Saturday, December 6, 2014

Can't argue with crazy in follow up to yesterday's post, I didn't answer my mother's email (honestly haven't had the time) but my sister did, telling her we're all worried and wish she would come home and get medical treatment and save her life.

Well! My mother lashed out at her, telling her she's controlling and going on and on about how great her religion is and how whatever she has can't be helped by medicine anyway (although she's never seen a doctor so she's just guessing)...the whole email was pretty hateful. I felt bad for my sister. I know she had hoped that maybe something could be accomplished here. But no - my mother is still clinging to this craziness. And she's being pretty mean about it, too. Well, that makes my position a little easier to take - just a quick polite acknowledgement and we're done. There's no arguing with crazy.

I know many people who have to deal with mentally ill relatives or ones with personality disorders or ones who are just plain shitty people. It's exhausting and upsetting and makes you feel guilty even when there's nothing to feel guilty about. I feel extremely lucky that the two crazy people in my life - my mother and father - are both far, far away and easy to avoid. If I lived near these people and had to have them in my life, and especially now the boys' lives, I would drive off a cliff. 

In other news, saw The Imitation Game today; it was good. Going to attempt to keep the boys up way past their bedtime to go see some Christmas lights tomorrow. Fingers crossed that isn't a disaster!


  1. Ugh, I'm so sorry for that whole situation with your mom. I wish I had something more I could say.

  2. Yuck. I'm sorry; I wish there'd been a different outcome. But you couldn't be more right about how exhausting and upsetting dealing with family members with mental illness is... (I visited my sister in the hospital yesterday...ugh!).

    Good luck with the Christmas lights! I hope the experience for the kids makes any crankiness worth it!

  3. Man, I'm sorry.
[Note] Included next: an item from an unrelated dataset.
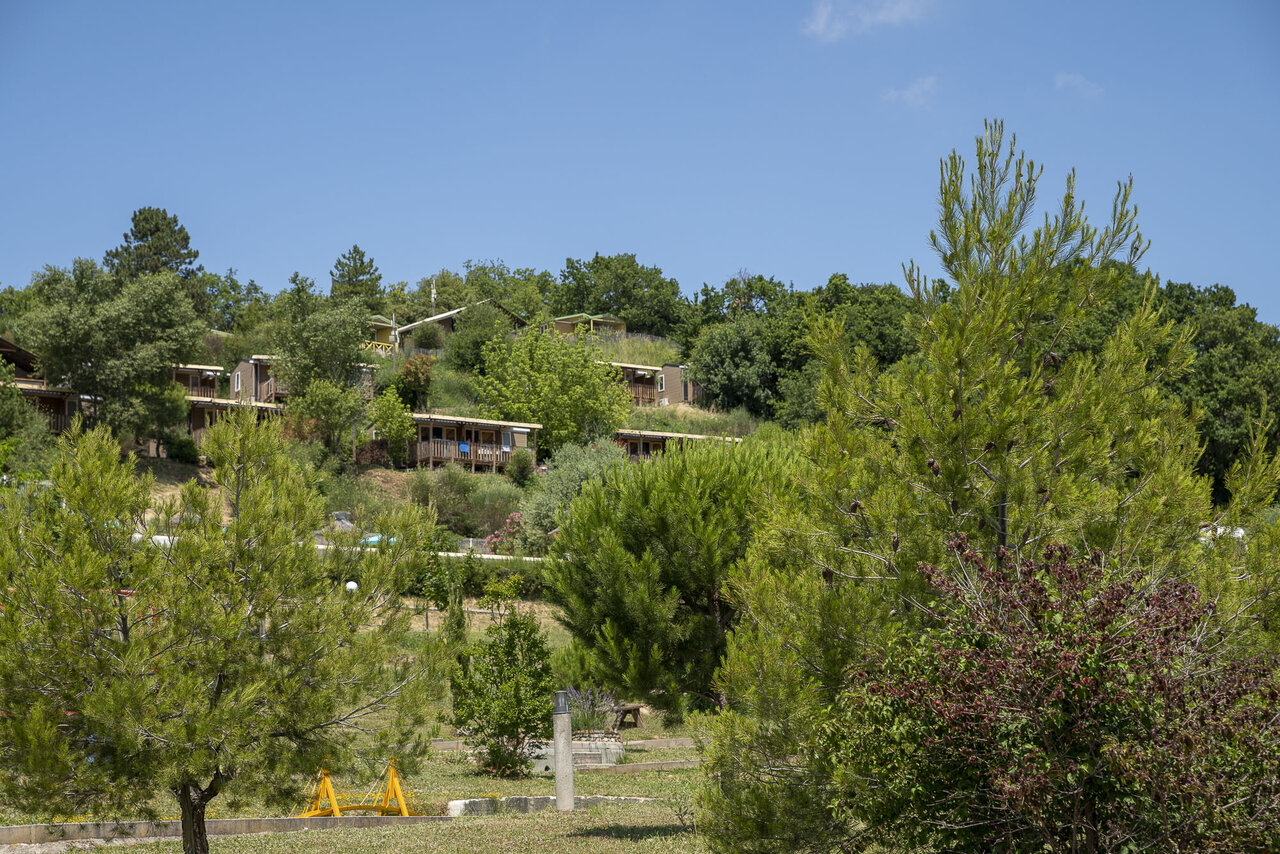 H�bergements en bois sur colline verdoyante au camping CLICOCHIC Bastets � Marsanne (26).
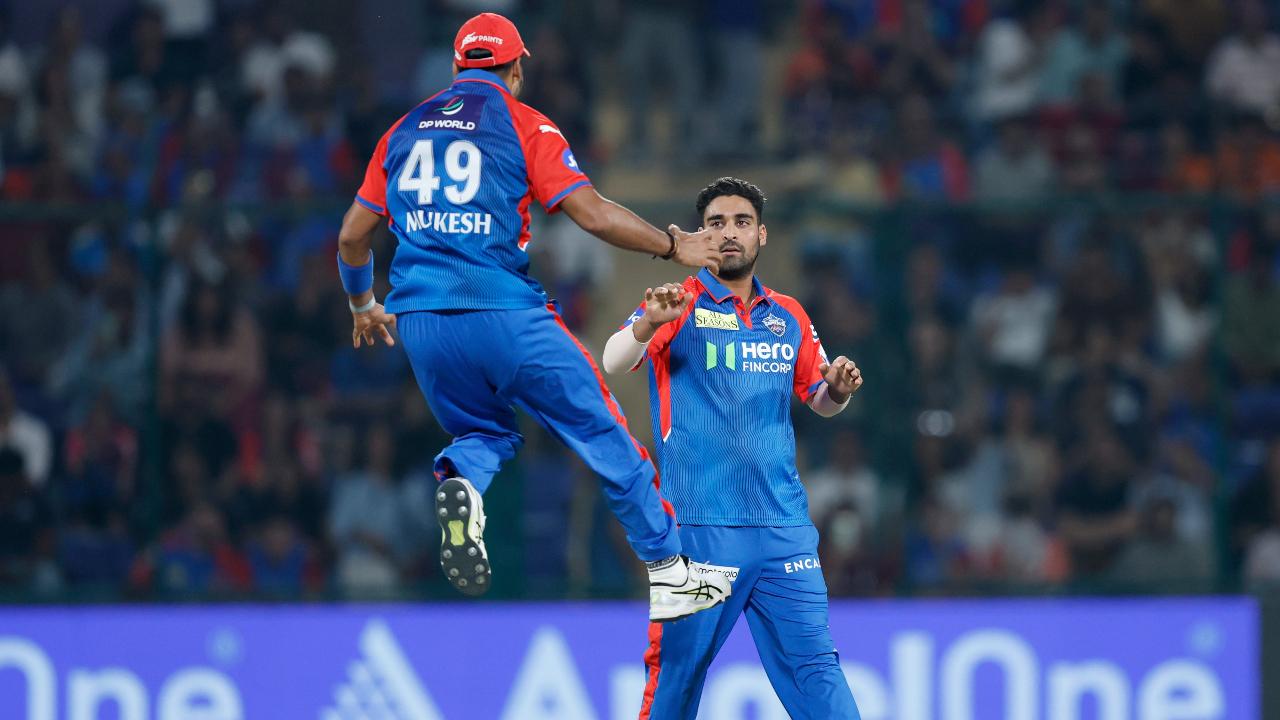 Nigam complemented him well, finishing with figures of 2 for 41, including key breakthroughs that disrupted KKR’s rhythm. Despite their efforts, Delhi found it challenging to contain the aggressive intent of the Kolkata batters for extended periods, as KKR managed to post a competitive total that would test the Capitals’ batting lineup in the second half of the match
My dad (lifelong alcoholoic) wasn't really in my life when I was a kid but I reconnected for his last 15 years and though I was able to help him, I had to set firm limits so he didn't take advantage of me and so I wouldn't feel bad about our interactions. I found that sharing affection and kindness in a very careful and thought out way worked well for me, but now, he never was remotely the type of father or grandfather I would hope for. It's just sad.

  4. I get this. I really do. My mom refuses treatment for her mental illness. It's been a long , bumpy ride. I'm sorry you have to go through this.